Deepwater installs experimental data collecting buoy off west side
With a demonstration wind farm proposed for three miles southeast of Block Island, island residents are curious about how a man-made turbine will affect the horizon. During the next six to eight weeks they will get a preview of what a structure anchored off the island’s shores will look like. Granted, this one is far shorter than the turbines proposed for the wind farm.
Two weeks ago, on March 19, Deepwater Wind installed the Sea ZephIR — a type of spar buoy — half a mile due west of the Coast Guard station.

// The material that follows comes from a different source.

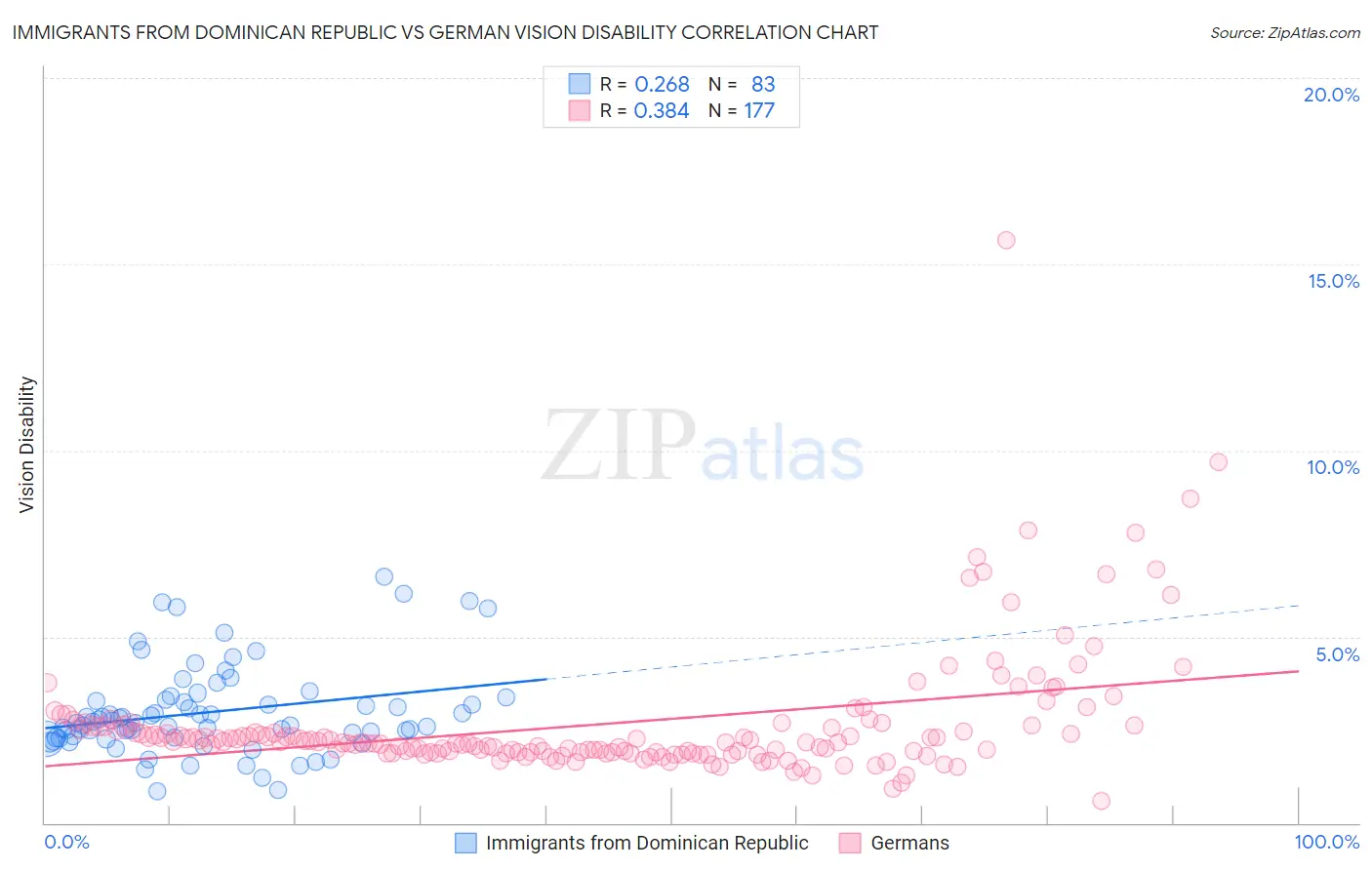 Immigrants from Dominican Republic vs German Vision Disability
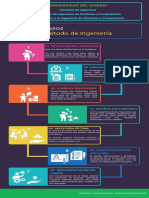Metodo Ingenieria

The buoy uses infrared sensors to measure wind speed, direction and sheer, as well as wave height and frequency and collect data on bird and bat activity in the area. Eventually the Sea ZephIR will also include a system to detect the migration of marine mammals.
It will be redeployed, after its sensors are fine tuned, to a site 20 miles off the coast of New Jersey, where it will collect data for a proposed wind farm there. Garden State Offshore Energy — a partnership between Deepwater Wind and Public Service Electric and Gas (PSE&G), New Jersey’s largest publicly owned utility — is developing the project.
The buoy, the delicate sensors of which will be tuned in the coming weeks, is a narrow column rising about 40 feet above the water, much less than the proposed Block Island wind farm turbine height of over 500 feet.
The other 60 feet of its total 100-foot length is hidden beneath the water, which is 88 feet deep at that location. It is anchored by a tether to a 110-ton concrete weight, which keeps it from swaying in the waves.
The electronic equipment is powered by three small wind turbines attached to the top of the tower, which charge a battery that can power the buoy for more than two weeks without needing to recharge.
The unit, which Deepwater Wind island liaison Bryan Wilson said cost in the millions-of-dollars range, will solve a number of problems with the European method of using met towers on top of pilings driven into the seabed to support them on a site.
Those types of pilings are cost prohibitive at the depths Deepwater is proposing for its turbines and are also not reusable. The Sea ZephIR will be able to be redeployed to multiple sites after it is finished collecting its data and can be installed in water more than 100 feet deep.
Spar buoys have been used for years as aids to navigation; however, this is the first buoy of its kind that will be used to collect wind data. It is still experimental and was placed in the waters near the Coast Guard station so it could be compared with data coming from the met tower stationed there on land.
Wilson with the help of consultant Rob Gilpin have been monitoring the buoy and troubleshooting any problems that arise. After installing the sensor equipment on March 22, they returned a week later to work on an issue with the unit’s radio communication capabilities. Wilson also noted that the buoy has developed a slight list, which the engineers are reviewing.
Once the spar buoy is redeployed a second one will be commissioned, which will again be brought west of the Coast Guard station for testing. After another six to eight week period it will be moved to the site of the proposed Block Island demonstration project three miles off the southeastern side of the island.
Wilson said that the second buoy is still in the design phase and will most likely be deployed after the summer season.